**Work request**
Exact copy, no pictures: reproduce the lines from the one that holds "The TÜV SÜD" through the end of the entries.
___ Data provided
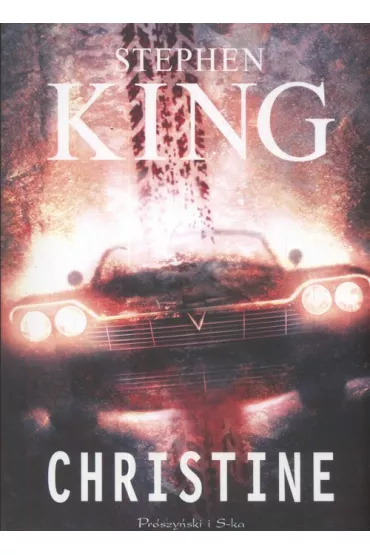 Christine - Stephen King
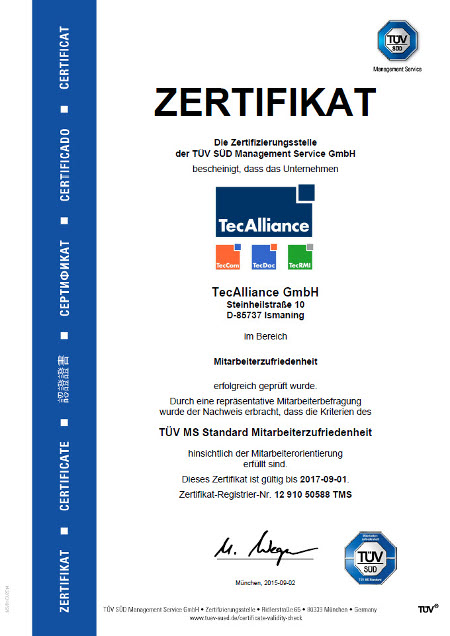 The TÜV SÜD certificate is evidence of the TecAlliance employees’ satisfaction with their employer.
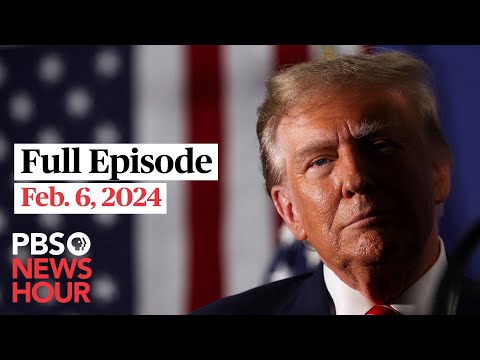 PBS NewsHour live episode, Feb. 6, 2024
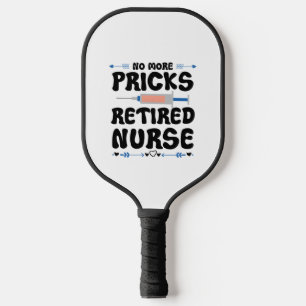 Funny Retired nurse- Nursing Retirement Party Gag  Pickleball Paddle
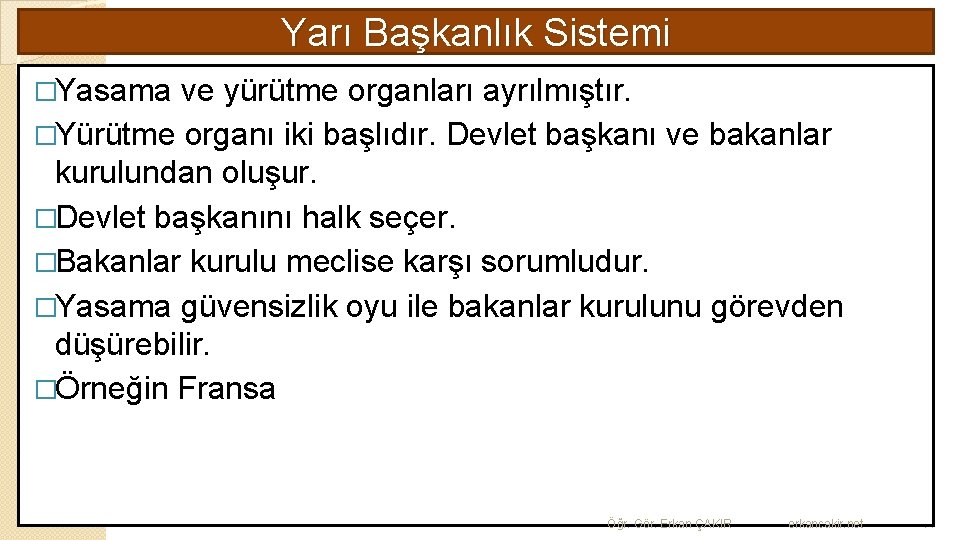 Yarı Başkanlık Sistemi �Yasama ve yürütme organları ayrılmıştır. �Yürütme organı iki başlıdır. Devlet başkanı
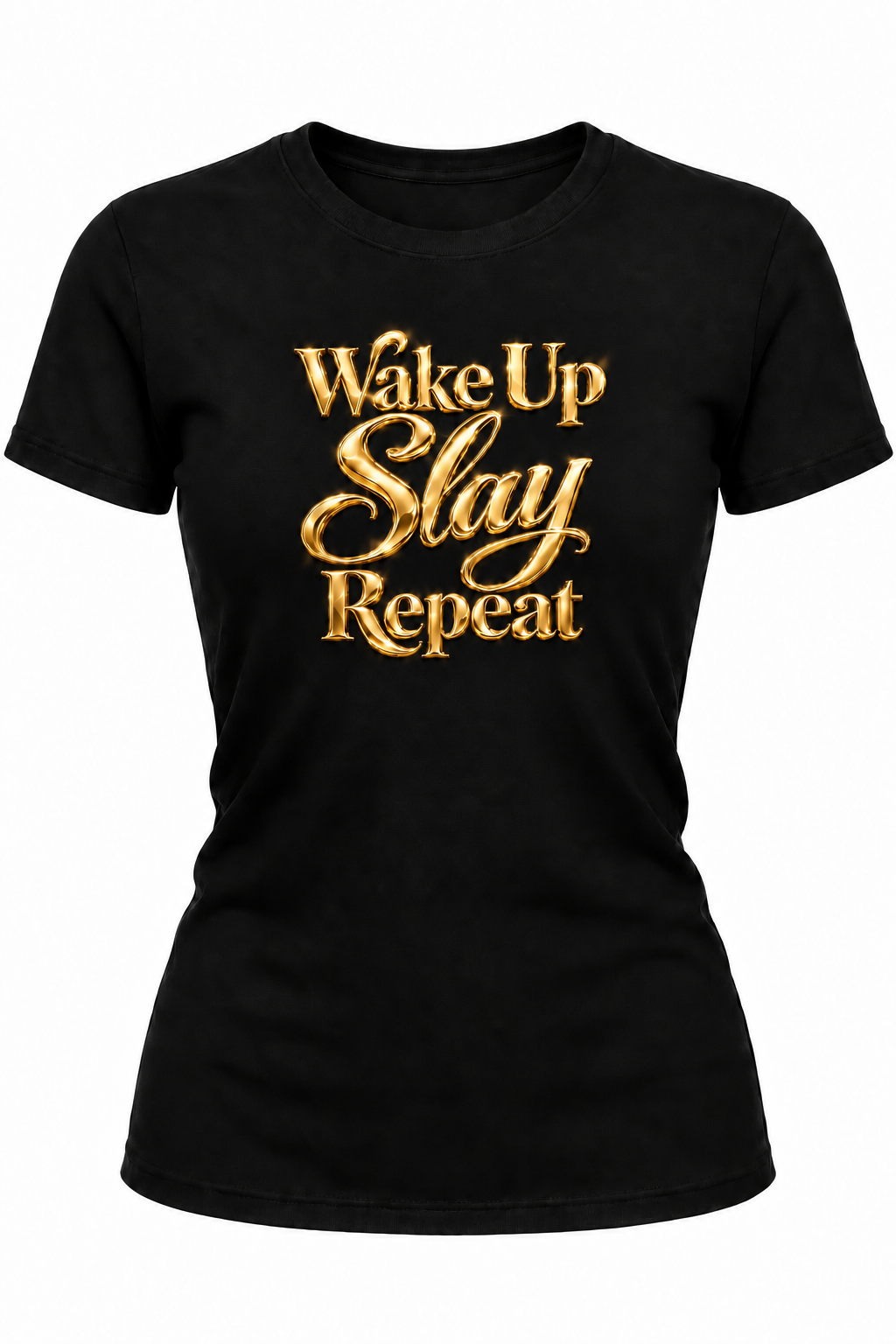 Wake Up Slay Repeat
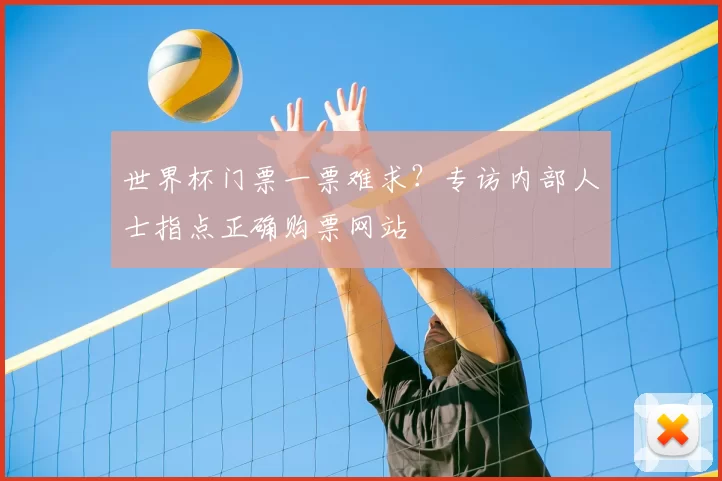 世界杯门票一票难求？专访内部人士指点正确购票网站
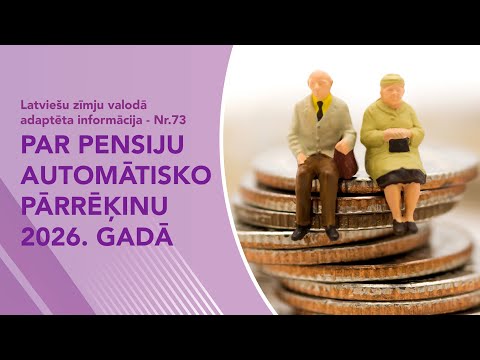 Video ziņas Nr. 73 “Par pensiju automātisko pārrēķinu 2026. gadā”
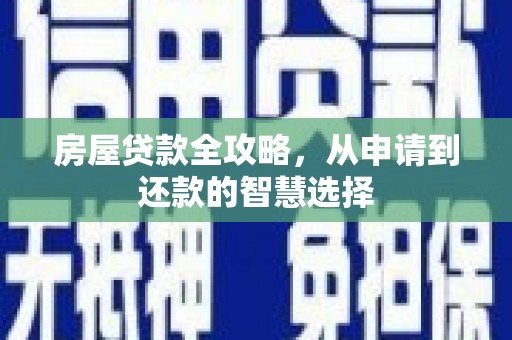 拉孜房屋贷款全攻略，从申请到还款的智慧选择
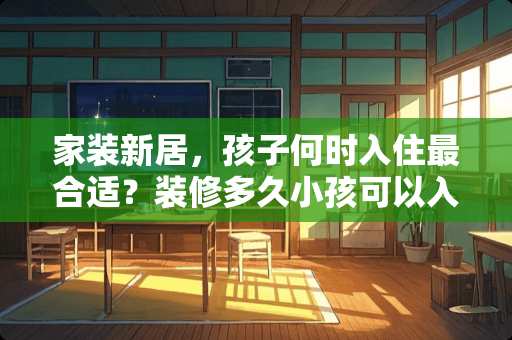 家装新居，孩子何时入住最合适？装修多久小孩可以入住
______
**Reply**
 The TÜV SÜD certificate is evidence of the TecAlliance employees’ satisfaction with their employer.
 PBS NewsHour live episode, Feb. 6, 2024
 Funny Retired nurse- Nursing Retirement Party Gag  Pickleball Paddle
 Yarı Başkanlık Sistemi �Yasama ve yürütme organları ayrılmıştır. �Yürütme organı iki başlıdır. Devlet başkanı
 Wake Up Slay Repeat
 世界杯门票一票难求？专访内部人士指点正确购票网站
 Video ziņas Nr. 73 “Par pensiju automātisko pārrēķinu 2026. gadā”
 拉孜房屋贷款全攻略，从申请到还款的智慧选择
 家装新居，孩子何时入住最合适？装修多久小孩可以入住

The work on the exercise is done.